Para Alexandre Castro Caldas, neurologista e diretor do Instituto de Ciências de Saúde da Universidade Católica Portuguesa, no entanto, a ideia de hemisférios com vontades separadas é tão ficcional quanto a própria série. "Isso foi uma fantasia que se criou na década de 70, baseada em literatura de pessoas que nunca lidaram com pacientes", afirma à SÁBADO, explicando que os hemisférios "estão em comunicação constante e funcionam como órgão único".

O especialista acrescenta que, no dia a dia, "estamos sempre a ir buscar informação aos dois hemisférios", uma área que a neurociência ainda não compreende com clareza. "Para percebermos como a informação se dispersa pelo cérebro em funções mais sofisticadas, é preciso perceber os fatores de integração entre os hemisférios", explica, dizendo que a neurociência está "a criar modelos matemáticos para fazer as conexões entre os polos, mas ainda são muito grosseiros".

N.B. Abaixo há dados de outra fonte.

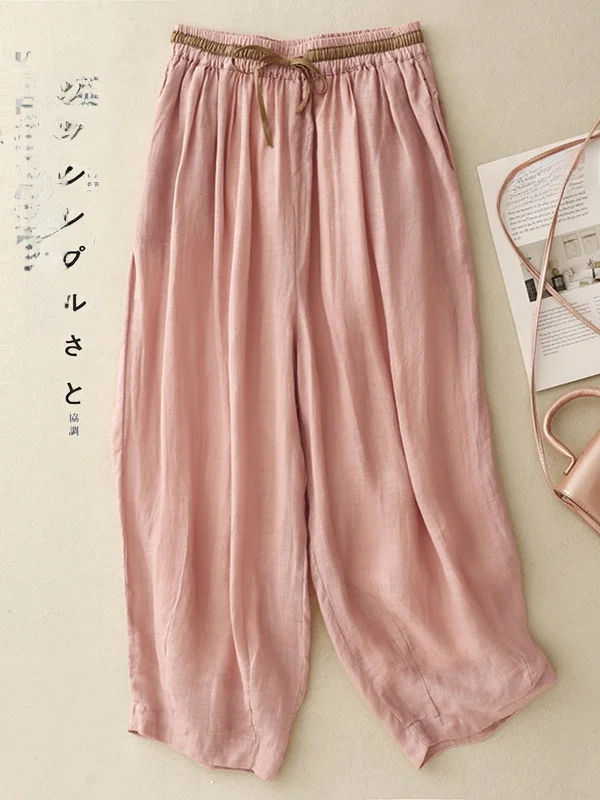 

Двухслойные тонкие хлопковые и льняные шаровары с эластичной резинкой на талии, большие размеры, женские повседневные свободные брюки из девяти предметов, летние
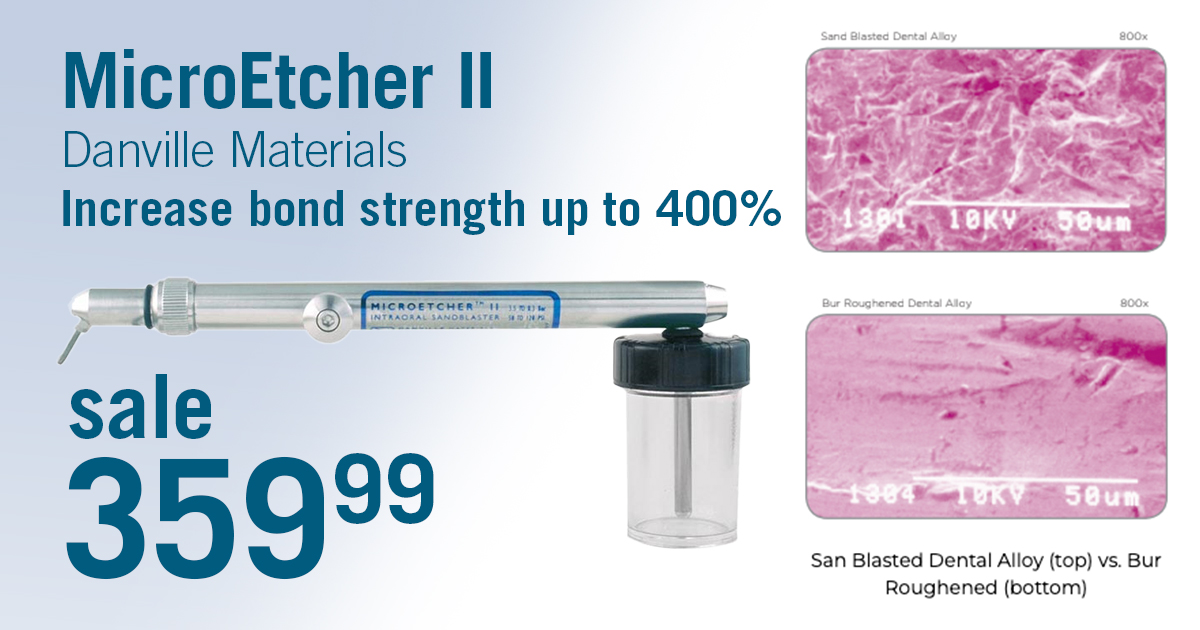 Discover precise surface micro-roughening with the MicroEtcher™ II from Danville Materials! It improves bond strength up to 400% and etches all metals, composites and amalgam.

Buy Now: ow.ly/xlBI50XHUJy

#DentalCity #Dentist #DentalEquipment #DentalOffice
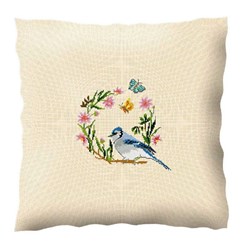 Coussin broderie Point de Croix Aux 4 Points Du Monde Coussin ronde fleurie de l'oiseau bleu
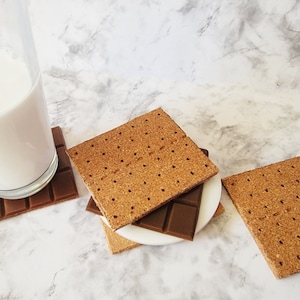 S&#39;more Coasters | Set Of 4 | Summer Decor | Kitchen | Campfire | Chocolate | Graham Cracker | Marshmallow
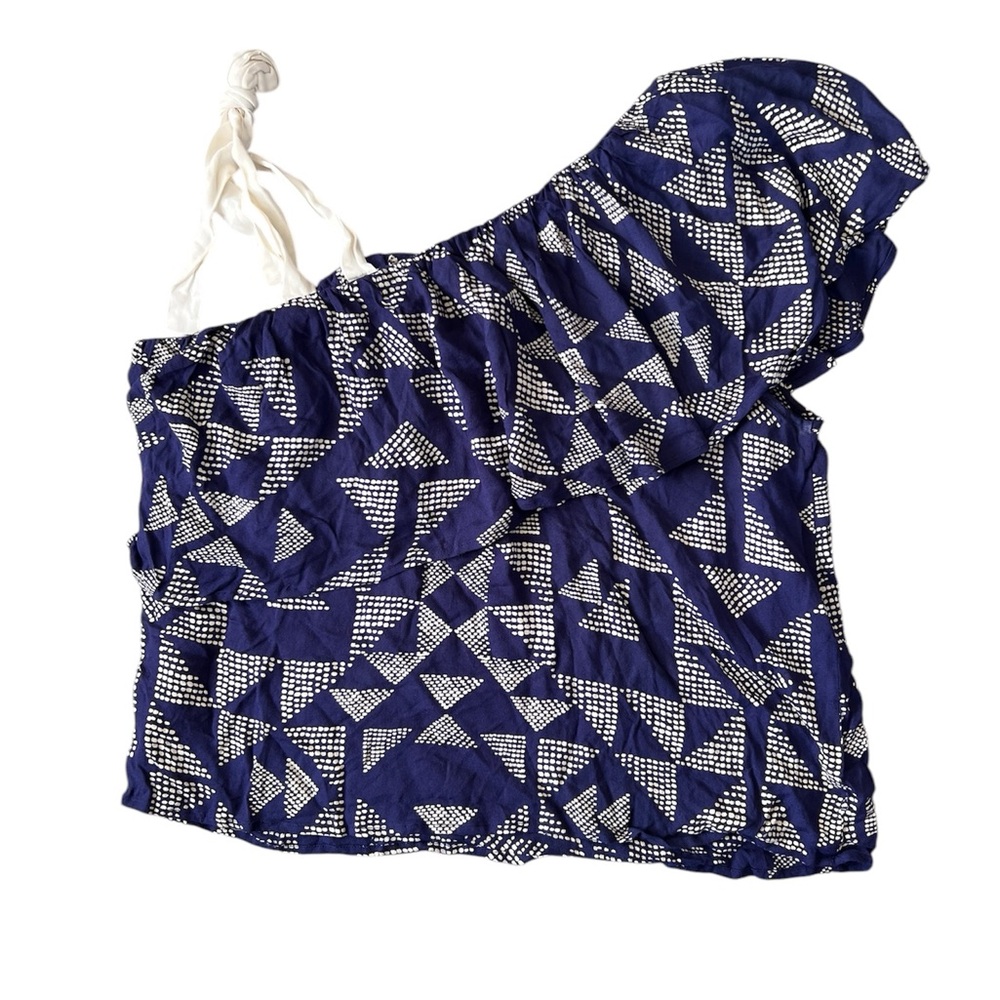 Splendid One Shoulder Geometric Ruffle Blouse | XL - Picture 3 of 6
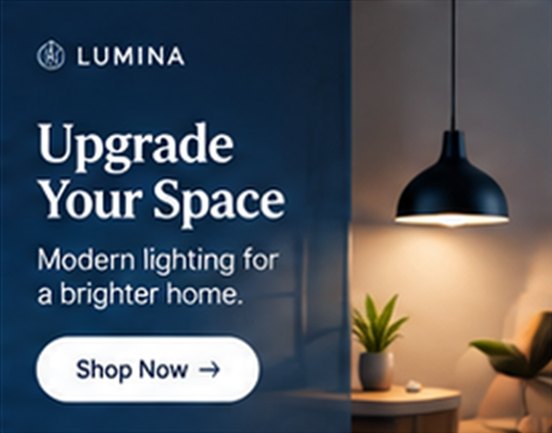 Sample Google banner ad for a lighting store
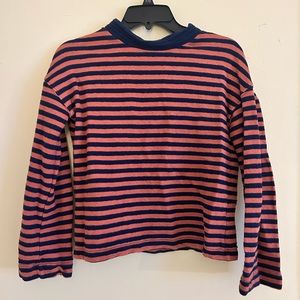 Light Red (almost pink) and Blue Striped Sweater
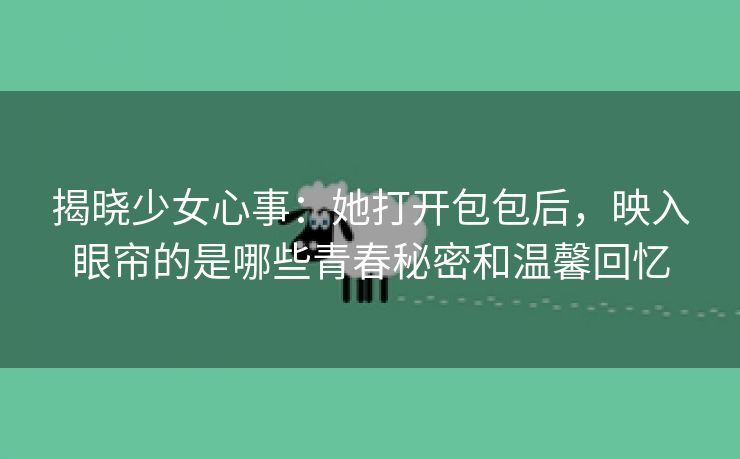 揭晓少女心事：她打开包包后，映入眼帘的是哪些青春秘密和温馨回忆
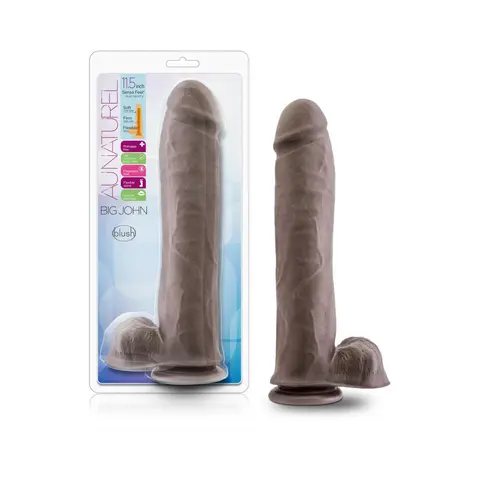 Au Naturel Big John 11.5 in. Posable Dual Density Dildo with Balls in Brown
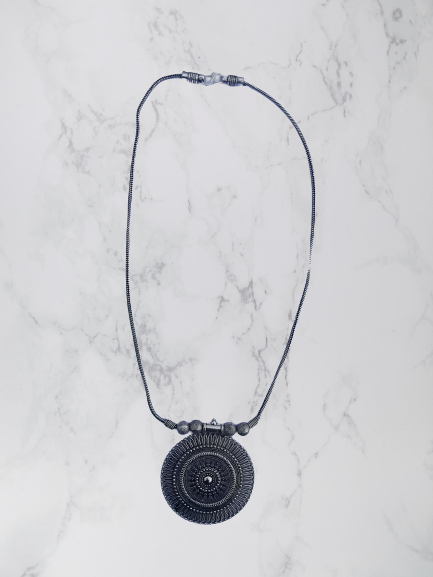 Bohotusk Shield Pendant Necklace with decorative ball design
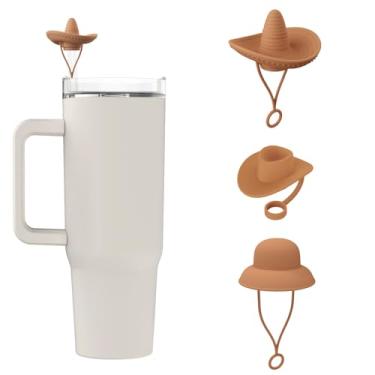 Imagem de Pacote com 3 tampas de palha de silicone para Stanley Cup 30 1,134 g, simples, moderno, Yeti, Brumate Era, Hydroflask, chapéu de cowboy engraçado de 10 mm, topos de palha, acessórios de copo para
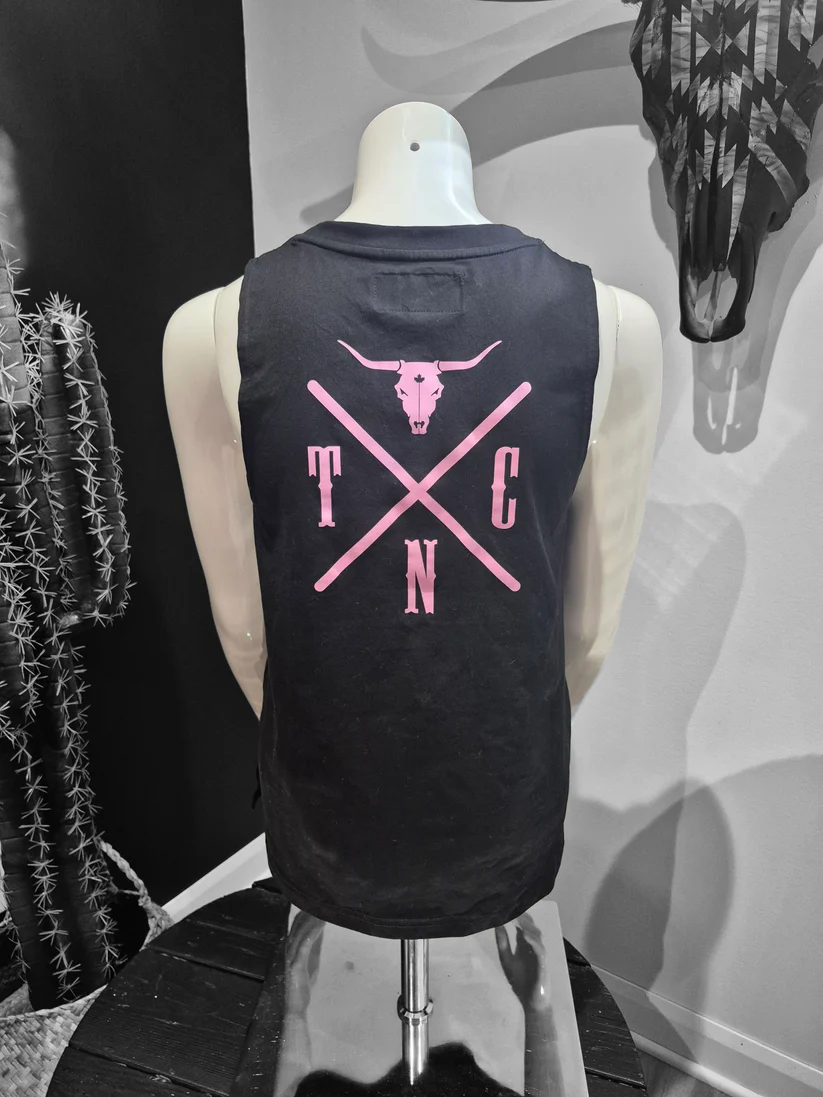 Shack Tank Top Noire Et Rose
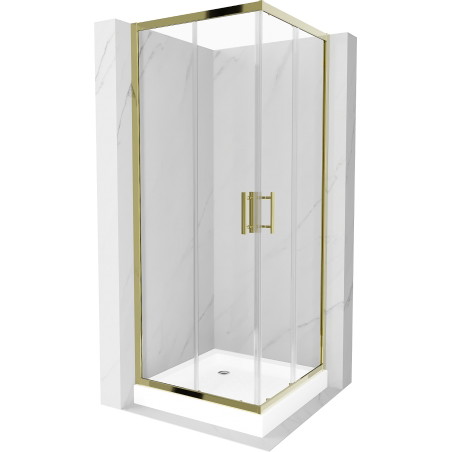 Mexen Rio štvorcový sprchový kút 70 x 70 cm, transparentný, zlatý + vanička, biela - 860-070-070-50-00-4510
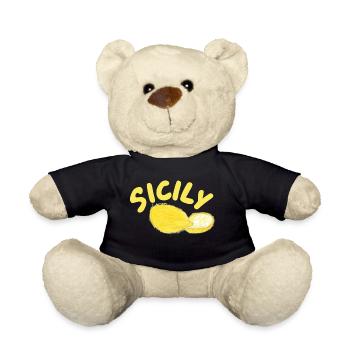 Sicily Lemons Illustration - Sicily - Teddy Bear - black - Front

Quanto à possibilidade de virmos a separar mentes num mesmo corpo, como sugere a série, o neurologista afirma que essa hipótese "está muito longe daquilo que conhecemos sobre a função cerebral". Esclarece que "é impossível separar a identidade da memória", na medida em que "a memória é a nossa forma de sustentar a nossa experiência de vida, em conjunto com os nossos genes".

Dado que a identidade é o resultado da interação entre a nossa biologia e experiência, poderíamos dar à mesma pessoa outra identidade se ela tivesse outra experiência e memórias? "Provavelmente", responde Castro Caldas, "mas tem que haver harmonia entre memórias, que são muitas e muito diferentes" - "o sistema que lida com memória episódica é completamente diferente do da memória autobiográfica, são memórias distintas que não conseguimos separar ou considerar em bloco".